The kitchen became silent with Alexis’ eyes on me over the rim of her coffee cup, Max grabbing dishes out of the oven where they’d been keeping warm and Nathan awkwardly trying to be useful by pulling plates out of the cupboard. Tessa, on the other hand was fluttering around like she didn’t quite know what to do with herself. All three of them weren’t looking at me so hard that it was obvious they wanted to.
“Okay,” I said, putting my cup on the counter, “this is the one and only time I’m going to talk about this.”
“Yes!” Alexis said.
“Please don’t,” Nathan groaned at the same time.
“You don’t have to,” Tessa followed up.
Max just turned to look at me and crossed his arms over his chest.
I took an ill-advised gulp of hot coffee and then breathed.
“I’m an adult,” I began, my brain freezing up as I realized what I was talking about with my children. I cleared my throat, took another sip of coffee and straightened my shoulders. “And I…um…I have…needs…”
Nathan choked on a glass of orange juice, and Max’s eyes widened as he blushed.
This was a hell of a lot harder than I thought it would be.
“Alright, that’s not…” I tried again, now wishing the coffee had whiskey in it. “What I mean to say is, what I do with another adult is none of your business.”
“Oh, thank god,” Nathan said.
Alexis’ shoulders deflated and Tessa’s tense smile relaxed. Max was the only one who still looked like he was intensely uncomfortable. When Nathan, Alexis and Tessa walked into the dining room with plates and food, Max stayed behind, fidgeting with his hearing aid wire.
“What’s on your mind?” I asked.
Max looked at me and exhaled slowly through his nose. He had always been the quietest, most sensitive of all the kids. And as such, I had a feeling his wounds from David’s abuse were of a different nature than the others.
“Are you safe with him?” he asked.
My chest tightened and tears momentarily burned behind my eyes. I put my hand on his enormous bicep and met his gaze.
“He risked a lot to save me in London, and every time there’s been any kind of threat to me, he’s been there, putting himself between the danger and me.”
“But…”
“He’s not your father. He would never hurt me.”

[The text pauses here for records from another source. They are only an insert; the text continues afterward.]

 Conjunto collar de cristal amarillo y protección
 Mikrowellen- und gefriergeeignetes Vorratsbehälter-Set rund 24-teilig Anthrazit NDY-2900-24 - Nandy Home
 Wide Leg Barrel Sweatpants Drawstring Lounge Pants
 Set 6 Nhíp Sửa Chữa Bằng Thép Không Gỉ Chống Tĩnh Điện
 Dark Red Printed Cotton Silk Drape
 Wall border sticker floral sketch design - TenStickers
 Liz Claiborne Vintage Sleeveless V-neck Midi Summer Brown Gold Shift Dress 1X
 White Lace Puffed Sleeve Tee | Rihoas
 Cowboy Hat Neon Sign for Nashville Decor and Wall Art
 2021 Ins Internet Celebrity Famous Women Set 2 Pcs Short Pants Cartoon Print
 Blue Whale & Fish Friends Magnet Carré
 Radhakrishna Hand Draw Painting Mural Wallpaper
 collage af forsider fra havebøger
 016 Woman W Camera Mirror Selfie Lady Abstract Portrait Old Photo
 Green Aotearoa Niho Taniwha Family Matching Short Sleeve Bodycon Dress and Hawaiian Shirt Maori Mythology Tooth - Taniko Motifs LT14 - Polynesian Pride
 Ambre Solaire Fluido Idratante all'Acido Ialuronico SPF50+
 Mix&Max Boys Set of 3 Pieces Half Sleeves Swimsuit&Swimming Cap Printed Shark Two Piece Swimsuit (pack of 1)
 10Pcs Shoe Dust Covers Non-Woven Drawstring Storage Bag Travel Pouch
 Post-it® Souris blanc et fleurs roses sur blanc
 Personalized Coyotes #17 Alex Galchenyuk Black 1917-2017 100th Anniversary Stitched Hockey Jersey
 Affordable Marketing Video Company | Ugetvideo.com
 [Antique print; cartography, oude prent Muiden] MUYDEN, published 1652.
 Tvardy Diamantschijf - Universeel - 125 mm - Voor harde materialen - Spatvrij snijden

Max swallowed and gave me a sharp nod.
“Come on, I would like to get some food before Alexis eats it all.”
That made Max chuckle and shake his head affectionately.
“How are things between you two?” I asked as Max grabbed his protein shake out of the fridge.
“So you won’t tell us anything about your love life but you expect me to unload?” he asked.
“Yes, I’m your mother.”
Max laughed again.
“Things are…good.”
“Why the hesitation?”
“She doesn’t want to get married.”
“And you do?”
Max nodded.
“I know it’s just a piece of paper but…I want it. I want to belong to her, and I want to officially adopt Cory.”
Cory was Alexis’ nephew that she’d raised since he was a toddler. Max and Cory had grown very close and it didn’t surprise me in the least that he wanted to be Cory’s father in every way.
“You’ll work it out, that woman adores you,” I said.
Max’s eyes glittered as he glanced toward the dining room.
“Yeah, I know. I just need to be patient.”
“You two better get in here before I eat all the bacon!” Alexis called.
Max rolled his eyes and laughed. They were such opposites, Max with his healthy, quiet life style. Alexis with her junk food addiction and need for noise. Yet they found a way to make their differences meld together and form something beautiful.
If they can do it, maybe…No, stop. Not the same thing.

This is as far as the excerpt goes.